------ Data for the task

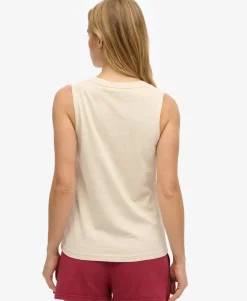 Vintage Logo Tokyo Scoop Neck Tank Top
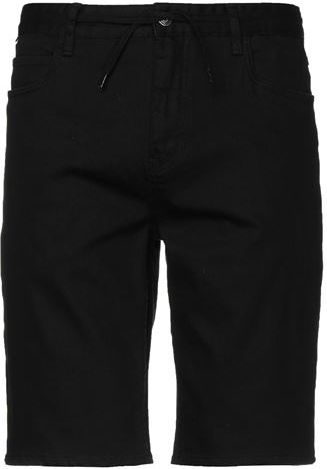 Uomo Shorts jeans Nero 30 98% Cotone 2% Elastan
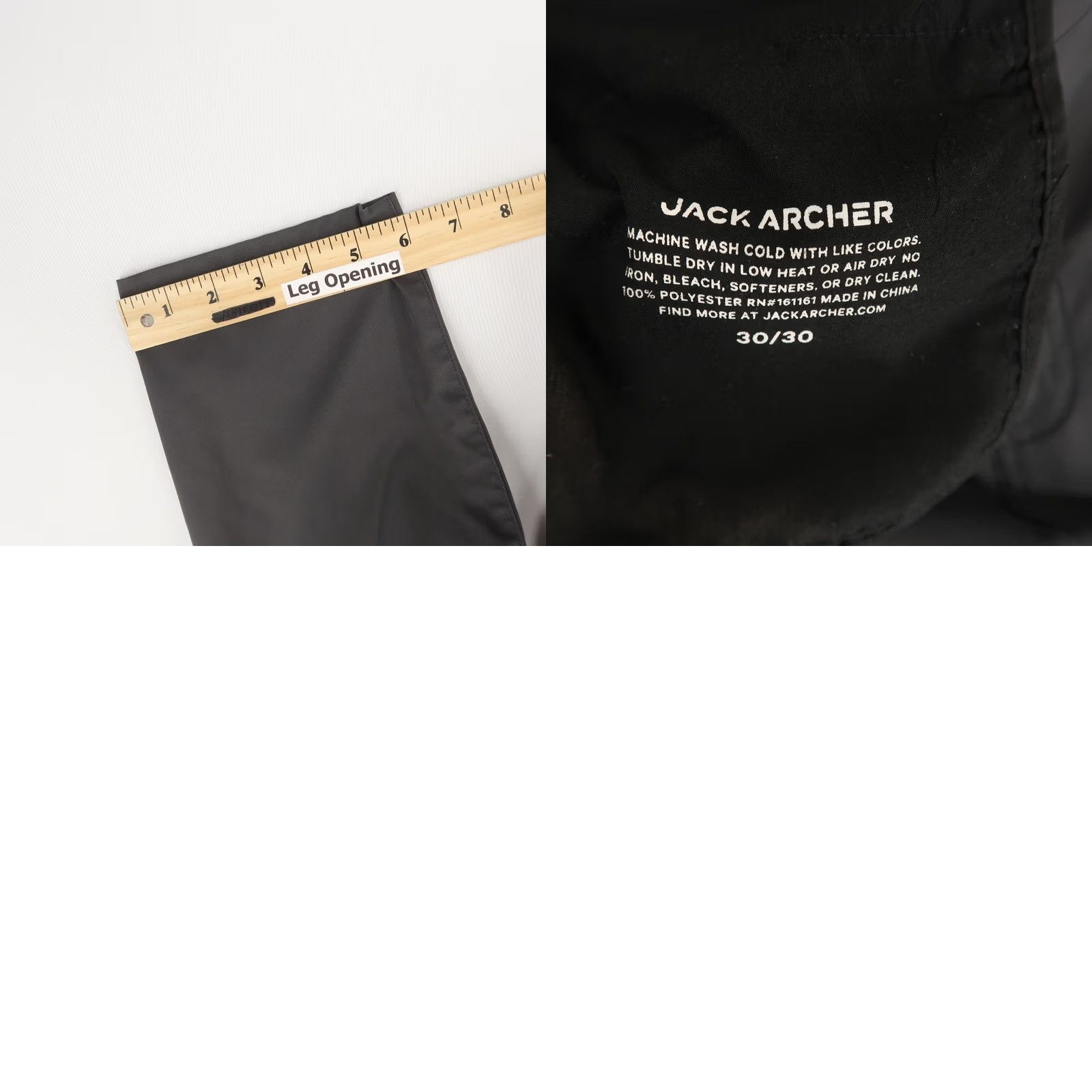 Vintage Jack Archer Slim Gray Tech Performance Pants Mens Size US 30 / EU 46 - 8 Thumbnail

------------
------ Data for the task

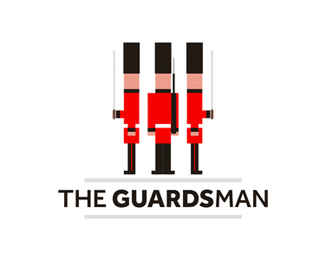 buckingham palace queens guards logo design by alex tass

------------

Work order: Look through the material above. Transcribe exactly the lines between the ones with "Uomo Shorts jeans" and "Vintage Jack Archer", inclusive, and keep pictures out.

Result below:
 Uomo Shorts jeans Nero 30 98% Cotone 2% Elastan
 Vintage Jack Archer Slim Gray Tech Performance Pants Mens Size US 30 / EU 46 - 8 Thumbnail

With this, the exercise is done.